Task brief
Your task is to output all the records below, word for word.

Given entries
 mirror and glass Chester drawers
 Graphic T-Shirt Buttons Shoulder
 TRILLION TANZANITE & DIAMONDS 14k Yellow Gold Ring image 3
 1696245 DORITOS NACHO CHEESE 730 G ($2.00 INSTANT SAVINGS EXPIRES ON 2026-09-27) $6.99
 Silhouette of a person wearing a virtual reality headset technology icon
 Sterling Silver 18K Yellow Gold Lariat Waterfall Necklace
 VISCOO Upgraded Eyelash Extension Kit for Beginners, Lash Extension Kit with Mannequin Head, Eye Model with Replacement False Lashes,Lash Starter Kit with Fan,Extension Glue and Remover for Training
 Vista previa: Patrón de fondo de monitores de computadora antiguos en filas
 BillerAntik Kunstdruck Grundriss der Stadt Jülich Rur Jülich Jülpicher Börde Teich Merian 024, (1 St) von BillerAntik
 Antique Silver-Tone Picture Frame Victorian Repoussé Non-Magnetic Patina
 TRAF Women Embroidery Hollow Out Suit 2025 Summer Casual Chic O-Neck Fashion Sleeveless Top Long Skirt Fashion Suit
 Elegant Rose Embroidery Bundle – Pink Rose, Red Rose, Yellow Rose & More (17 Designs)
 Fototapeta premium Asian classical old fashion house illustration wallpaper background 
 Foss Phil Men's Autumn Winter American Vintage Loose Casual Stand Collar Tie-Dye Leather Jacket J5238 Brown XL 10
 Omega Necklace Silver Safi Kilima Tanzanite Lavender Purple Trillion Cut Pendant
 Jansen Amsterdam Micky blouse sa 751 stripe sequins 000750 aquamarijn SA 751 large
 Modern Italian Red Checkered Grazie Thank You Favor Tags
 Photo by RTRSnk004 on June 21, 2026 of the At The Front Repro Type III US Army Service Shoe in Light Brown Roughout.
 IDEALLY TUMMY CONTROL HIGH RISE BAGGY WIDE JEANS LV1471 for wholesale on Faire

Solution
 mirror and glass Chester drawers
 Graphic T-Shirt Buttons Shoulder
 TRILLION TANZANITE & DIAMONDS 14k Yellow Gold Ring image 3
 1696245 DORITOS NACHO CHEESE 730 G ($2.00 INSTANT SAVINGS EXPIRES ON 2026-09-27) $6.99
 Silhouette of a person wearing a virtual reality headset technology icon
 Sterling Silver 18K Yellow Gold Lariat Waterfall Necklace
 VISCOO Upgraded Eyelash Extension Kit for Beginners, Lash Extension Kit with Mannequin Head, Eye Model with Replacement False Lashes,Lash Starter Kit with Fan,Extension Glue and Remover for Training
 Vista previa: Patrón de fondo de monitores de computadora antiguos en filas
 BillerAntik Kunstdruck Grundriss der Stadt Jülich Rur Jülich Jülpicher Börde Teich Merian 024, (1 St) von BillerAntik
 Antique Silver-Tone Picture Frame Victorian Repoussé Non-Magnetic Patina
 TRAF Women Embroidery Hollow Out Suit 2025 Summer Casual Chic O-Neck Fashion Sleeveless Top Long Skirt Fashion Suit
 Elegant Rose Embroidery Bundle – Pink Rose, Red Rose, Yellow Rose & More (17 Designs)
 Fototapeta premium Asian classical old fashion house illustration wallpaper background 
 Foss Phil Men's Autumn Winter American Vintage Loose Casual Stand Collar Tie-Dye Leather Jacket J5238 Brown XL 10
 Omega Necklace Silver Safi Kilima Tanzanite Lavender Purple Trillion Cut Pendant
 Jansen Amsterdam Micky blouse sa 751 stripe sequins 000750 aquamarijn SA 751 large
 Modern Italian Red Checkered Grazie Thank You Favor Tags
 Photo by RTRSnk004 on June 21, 2026 of the At The Front Repro Type III US Army Service Shoe in Light Brown Roughout.
 IDEALLY TUMMY CONTROL HIGH RISE BAGGY WIDE JEANS LV1471 for wholesale on Faire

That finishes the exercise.